Radiology is an area of medical specialty that involves the evaluation and interpretation of images and films generated by tests such as X-Rays, CT Scans, MRIs, Mammograms, Sonograms and Ultrasounds. Radiologists, the individuals who are trained to read and interpret these images, are often the first line of defense for a hospital or emergency room physicians as the radiologist can often see what the doctors treating the patient cannot: fractured vertebrae, broken bones, internal bleeding, aneurysms, pulmonary emboli and many other life threatening conditions. When a radiologist fails to properly read and interpret these kinds of studies, your health is at risk. For example, a radiologist may miss a fractured vertebrae in a patient’s neck or back on a CT scan or an MRI, a fracture that could, if the vertebrae becomes displaced toward the spinal cord, result in paralysis.
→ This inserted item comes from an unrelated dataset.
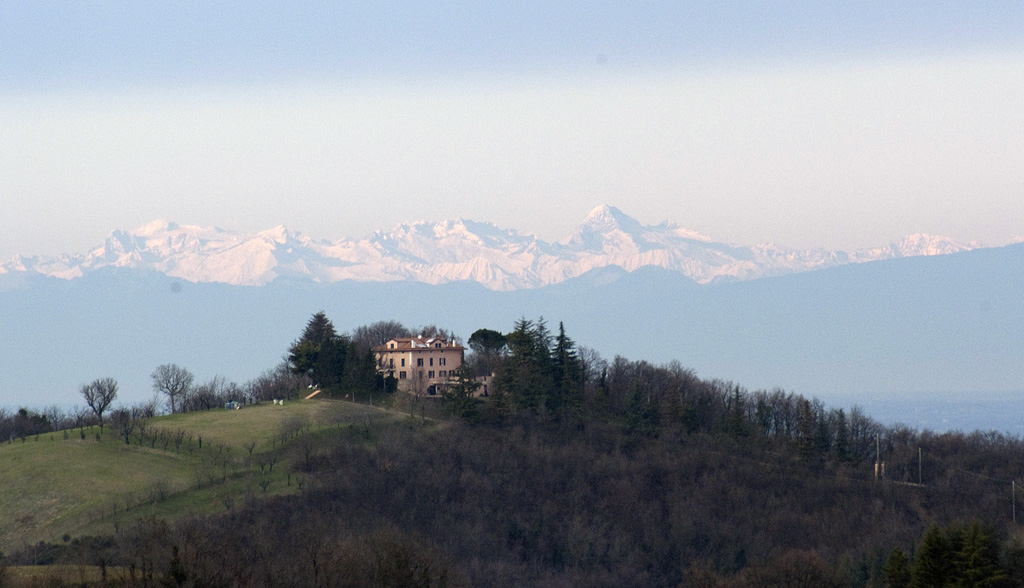 panorama Alpi da colline Bologna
Under different circumstances, a radiologist may miss an aneurysm or early stages of an aortic dissection (a tear in your main blood vessel coming out of your heart) that could rupture and cause you to die. When these kinds of errors happen, they may amount to medical malpractice. Although in most cases the radiologist does not communicate with the patient directly, the radiologist’s failure to properly read or interpret a study affects how emergency room physicians and other doctors care and treat their patients. Accordingly, if a radiologist misreads an image or film and mistakenly rules out the condition that you have, your doctors may fail to treat your for that condition.
Another common medical error that radiologists make is failing to timely read and interpret studies and/or failing to timely communicate those results to the physicians that have requested the studies. For example, all radiological studies that are requested while a patient is in the emergency room are ordered on a STAT (or immediate) basis. Most hospitals have policies and procedures that require radiologists who receive a STAT order for a radiological study to interpret those studies within a short period of time, typically a half hour to an hour, of the study being completed. These same hospitals also have policies and procedures that require the radiologists to communicate the results to the ordering doctor within a certain amount of time after the study is completed, typically 10-20 minutes.
Radiological studies are also commonly used to monitor patients with chronic conditions, like tumors, or diagnose patients with various forms of cancer. Not surprisingly, if these radiological studies are not read and interpreted properly, devastating consequences can occur. In some instances, radiologists simply fail to detect the presence of a tumor before it is too late to successfully treat a patient. In other instances, radiologists fail to detect that a known tumor has grown in size or has spread to other areas of the body.